The backwoodsman lifted a gnarled finger to his lips. His long gray hair lay limp against the collar of his buffalo-plaid shirt (L. L. Bean, I think; possibly, Ralph Lauren), but his old eyes danced in the light of the fire. "Shhh," he whispered. "Do you hear it? That's the song of a loon."


Oh, all right. So the song was really soft jazz, and the firelight arose not from a crude fire pit, but from a little tabletop hibachi, where we were toasting marshmallows for our s'mores. Still, snuggled down inside a wood-paneled booth in Ken Stewart's Lodge, one can be forgiven an occasional flight of fancy. And besides, if ol' Grizzly did manage to track down this rustically chic retreat, I'm guessing that he wouldn't feel entirely out of place.

Stretched out on a piece of property on historic Route 21, in the rural yet decidedly upscale Akron suburb of Bath, the log-built Lodge has the understated panache of a cashmere barn jacket. Pines and rhododendron, tastefully draped in twinkling white lights, embrace it. A rough-hewn wooden bench beckons from its long, covered porch.

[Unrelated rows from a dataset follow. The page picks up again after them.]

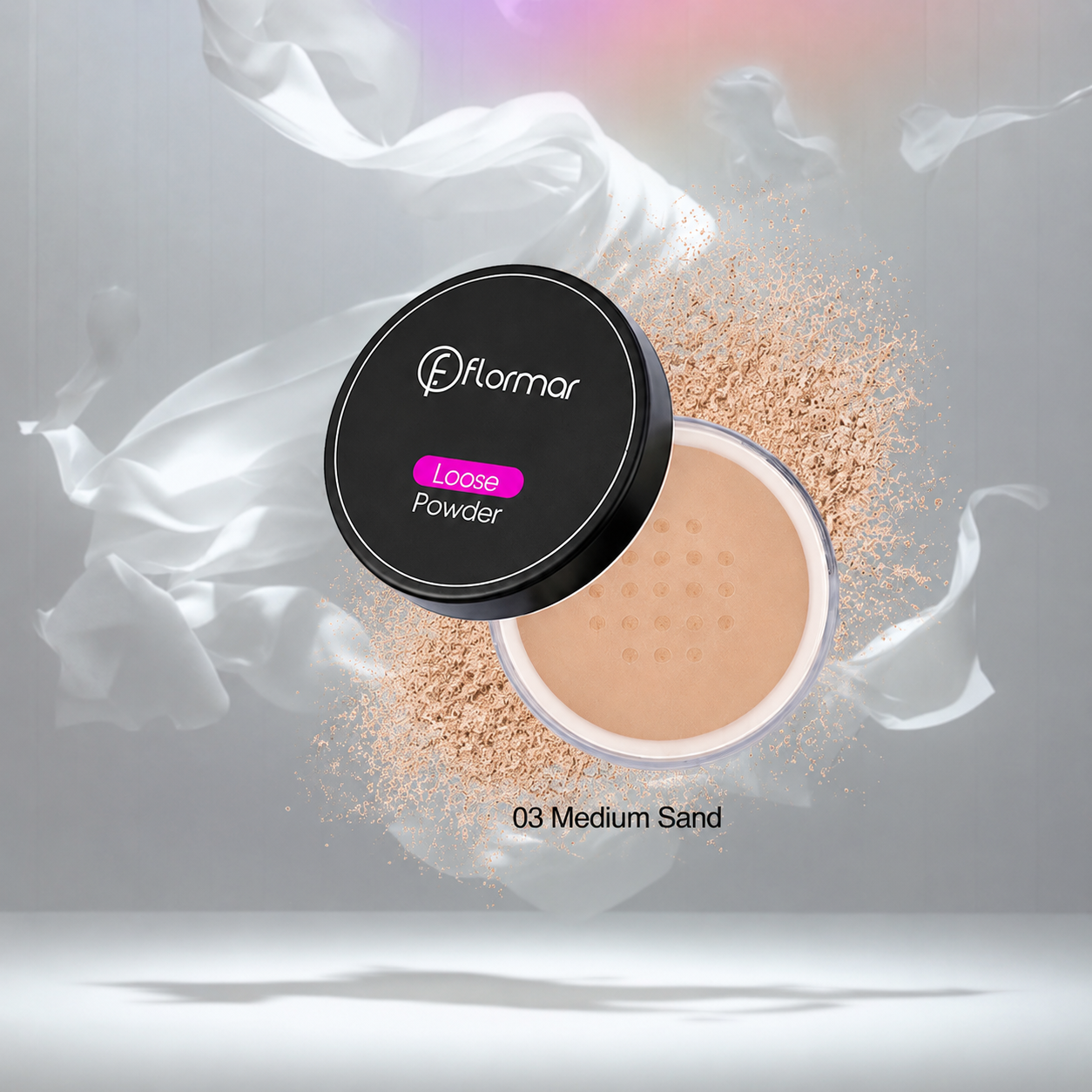 پودر فیکس فلورمار رنگ medium sand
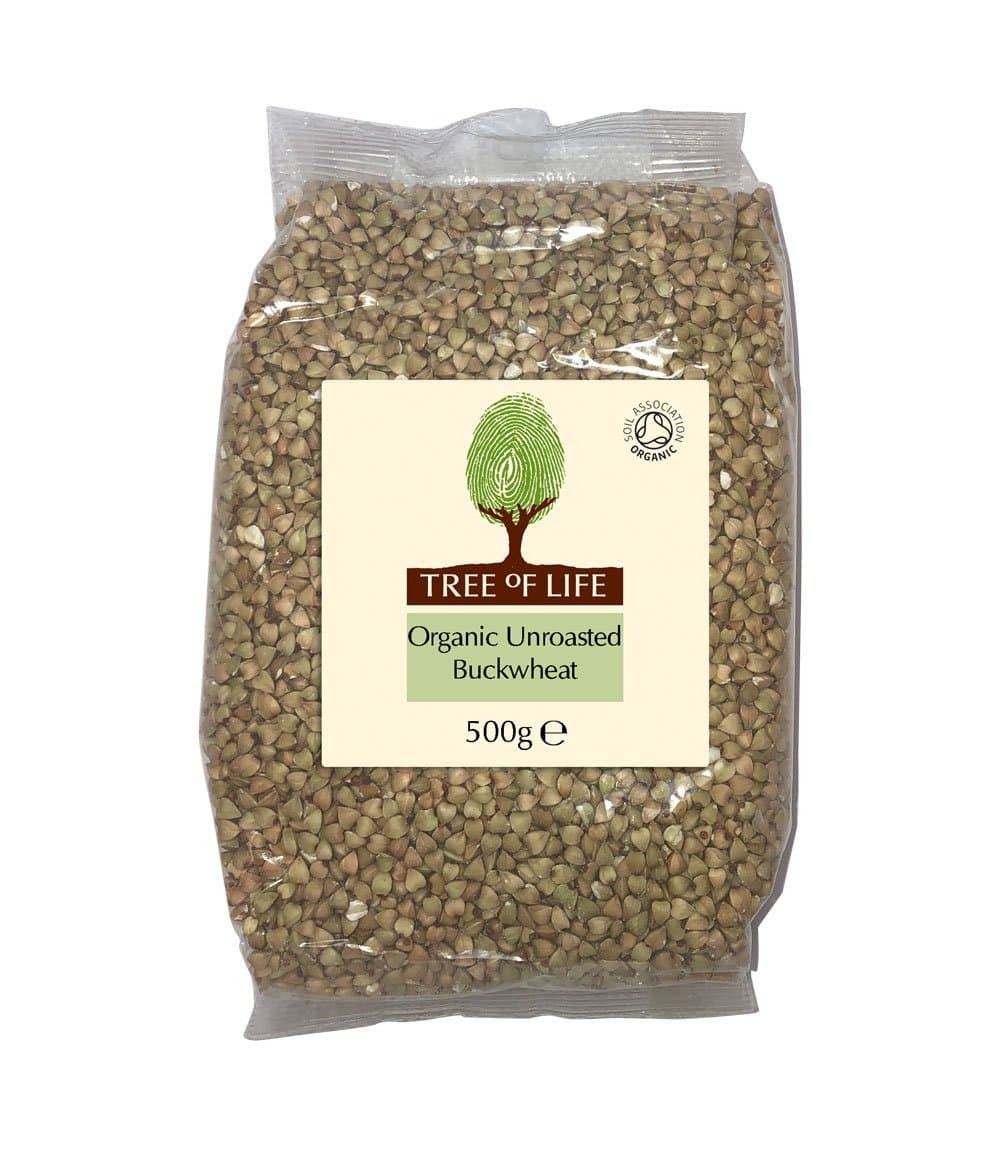 Tree of Life Organic Buckwheat - Unroasted - 500 g (Pack of 6)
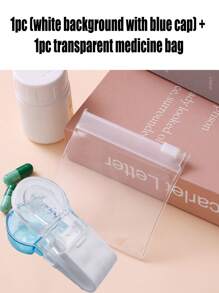 1-5 piezas Sacador de pastillas portátil con caja de medicamentos, abridor de pastillas para blíster, sacador de pastillas portátil, abridor de pastillas, accesorios domésticos, asistencia para tabletas y pastillas, nuevo diseño de dispensador de pastillas, muy adecuado para personas con manicura y artritis (también se vende en 10/15/20 piezas)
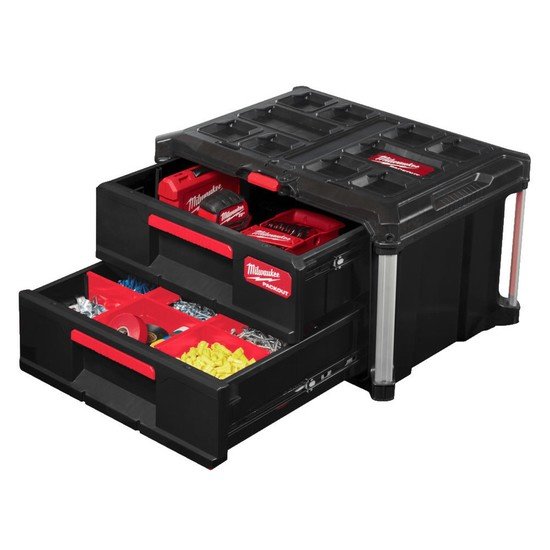 Ящик для инструментов Milwaukee Packout 2 Drawer Tool Box 4932472129 - фото2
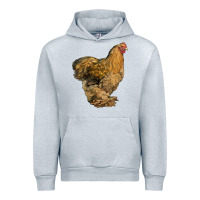 Heather Grey Cochin Chicken Urban Hoodie - LillyAllenDesigns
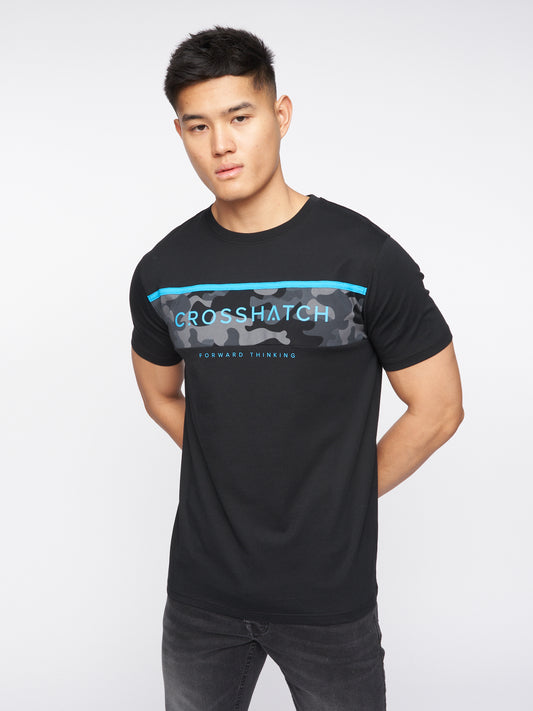 Neoline Camo T-Shirt Black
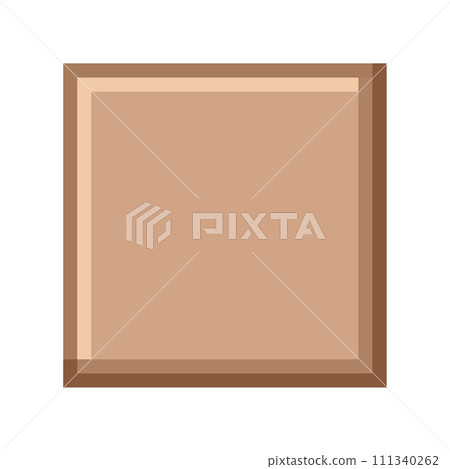 方形瓷磚，淺棕色像素圖 111340262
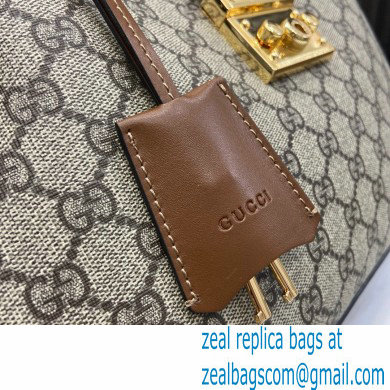 GUCCI Padlock GG medium shoulder bag 795113 BROWN 2024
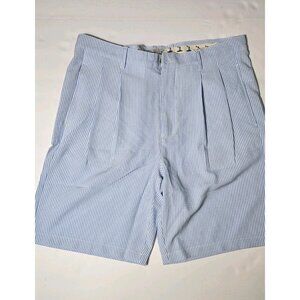 Westport Lifestyle blue and white Mens seersucker shorts (HL393)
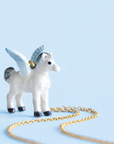 Pegasus Necklace - hand painted porcelain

In fact, if you can ignore the little drugstore attached to the north end of the lodge and the tiny barbershop capping the south, you could be convinced that you've taken a wrong turn somewhere and ended up at an Adirondack hunting camp.

The fantasy continues inside, where visitors encounter flagstone floors, paneled walls, and an impressive hostess stand, hewn from a giant tree trunk. In the lounge, an enormous split log forms the bar top. In the three cozy dining rooms, wall sconces take the shape of trout, chandeliers are made from antlers, and oil lamps and well-stoked fireplaces cast shadows on the walls.

Still, one look at the long, sophisticated menu, and it's obvious that this isn't some backwoods watering hole. Nearly two dozen appetizers -- everything from sashimi-grade tuna tartare to grilled thin-crusted pizzas -- lead the way. More than a dozen salads and side dishes follow. Main events include upscale standards such as long-boned veal chops, filet mignon, and panko-crusted diver's scallops. And while the kitchen's focus is clearly on seafood, steaks, and chops, there's a double handful of pastas and chicken preparations to boot.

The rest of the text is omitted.